While Fed’s pitch latest budget as fair, others have concerns over tobacco tax

CICC worries over credit card fees and that new taxes will drive more to seek illegal tobacco products.
Tom Venetis head shot
Cigarettes and wood block word TAX on white background. Cigarettes and TAX concept.

The day after the federal government introduced its 2024 Budget, the Convenience Industry Council of Canada (CICC) is expressing worries that the new tobacco and vaping taxes will drive more Canadians to the illegal tobacco market and that other continuing c-store issues continue to be ignored.

In the budget the federal government is increasing the tobacco excise duty rate by $4 per carton of 200 cigarettes (i.e., for a total of $5.49 including the automatic inflationary adjustment of $1.49 per carton of 200 cigarettes that took effect on April 1, 2024), along with corresponding increases to the excise duty rates for other tobacco products.

Inventories of cigarettes held by certain manufacturers, importers, wholesalers and retailers at the beginning of the day after Budget Day would be subject to an inventory tax of $0.02 per cigarette (subject to certain exemptions) to account for the $4 increase. Taxpayers would have until June 30, 2024 to file a return and pay the cigarette inventory tax.

The new taxes on tobacco and vaping products were applauded by Physicians for a Smoke-Free Canada and the Canadian Cancer Society (CSS).

"Increasing tobacco taxes is the most effective strategy to reduce smoking, especially among youth," said Rob Cunningham, senior policy analyst, with the CCS. "We applaud the tobacco tax increase in the budget. Every increase makes a difference to reduce tobacco use, the leading preventable cause of disease and death in Canada, including about 30% of all cancer deaths. The tobacco tax increase is a win-win, improving both public health and public revenue. The tax increase for e-cigarettes will help prevent youth vaping," adds Cunningham. "While we have made progress to reduce youth smoking, we now have a new generation of youth becoming addicted to nicotine through e-cigarettes, something that should not be happening."

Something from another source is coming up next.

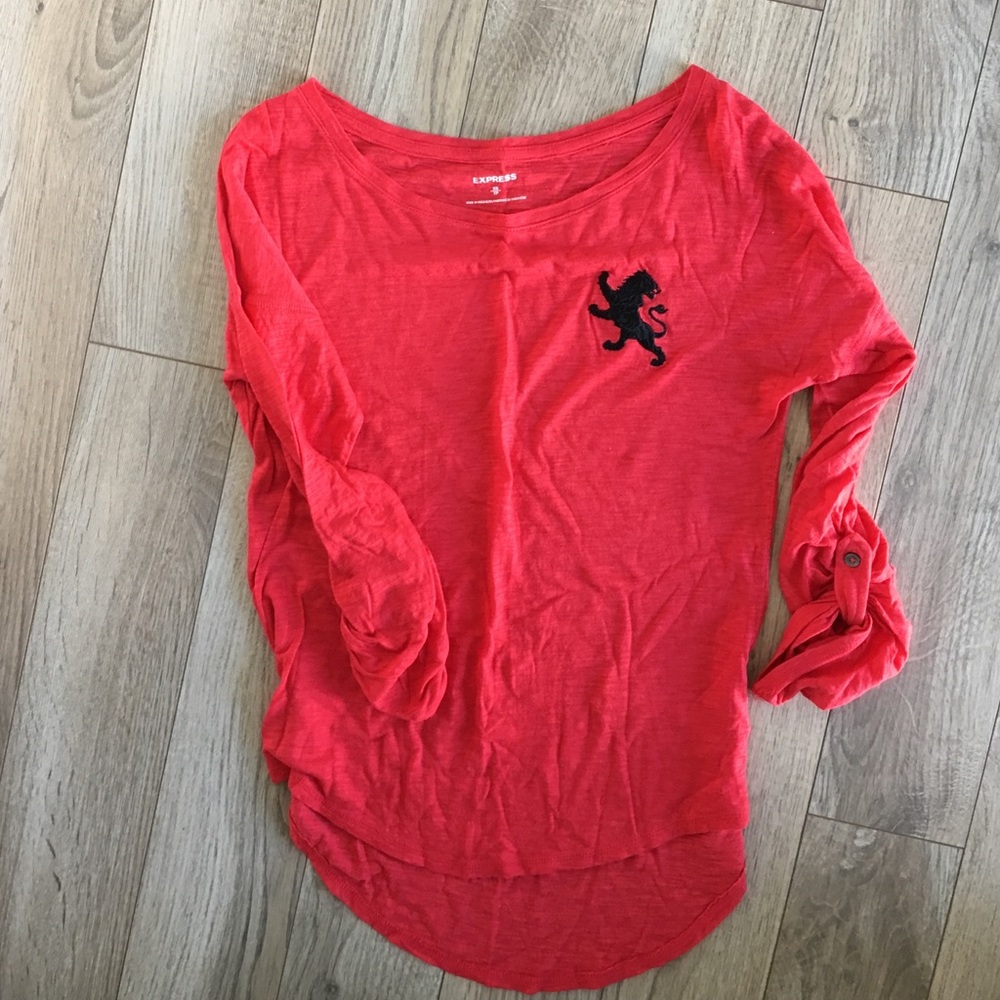 Express 3/4 sleeve T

Not everyone is so sure about this. Once the Budget 2024 was presented the Convenience Industry Council of Canada released a statement criticizing the tax increase on tobacco and vaping products:

“Budget 2024 is a missed opportunity to address core issues impacting small businesses that will further enhance the negative economic ripple effect that is impacting the well-being of Canadian communities,” wrote Anne Kothawala, president and CEO of the Convenience Industry Council of Canada (CICC). “We are not asking the government to guarantee the profitability of our member businesses, but it is creating conditions that will drive more stores and gas stations to close. While government thinks that raising taxes on tobacco and vape products will generate revenue, the reality is that this measure will do nothing more than supercharge the contraband tobacco and nicotine product market, which currently costs the government over $2 billion in uncollected taxes. Government continues to miss the point on this issue - further increasing taxes will result in more Canadians turning to the illicit market where anyone at any age can purchase illegal products at significantly cheaper prices than in the legal market. Continued inaction on the growing illicit market will contravene the government’s overall public health objective of restricting youth access as illicit products are more accessible, often at the click of a mouse, with no age restrictions.”

Along with not addressing the ongoing issue of contraband tobacco that the CICC says continues to impact c-stores and communities, the organization representing more than 22,500 convenience store employees also took the government to task for continuing to ignore the problem of credit card fees.

READ:  What governments conveniently forget

“The government is aware that the second-largest cost to Canada’s convenience retailers behind payroll is credit card fees. Despite this enormous expenditure for local businesses, the government continues its path of inaction while completely ignoring a previous election platform commitment to address this critical issue that impacts the bottom line of 22,500 stores across Canada,” Kothawala added. “The reality is that it costs Canada’s c-store retailers to be tax collectors for government. In 2022, 48 cents of every dollar spent at a convenience store was tax, which translates into an average of $30,000 in fees per store to collect $10.4 billion in taxes for the federal government alone. This is an issue that is core to the very livelihood of small businesses and the health of Canadian communities. Amazon won’t deliver the gas to fill up your car or send you a litre of milk at 11 pm. It’s unfortunate to see concerns from local businesses like convenience stores - which contribute billions to the country’s economy and employ 193,000 Canadians - be routinely ignored by this government.”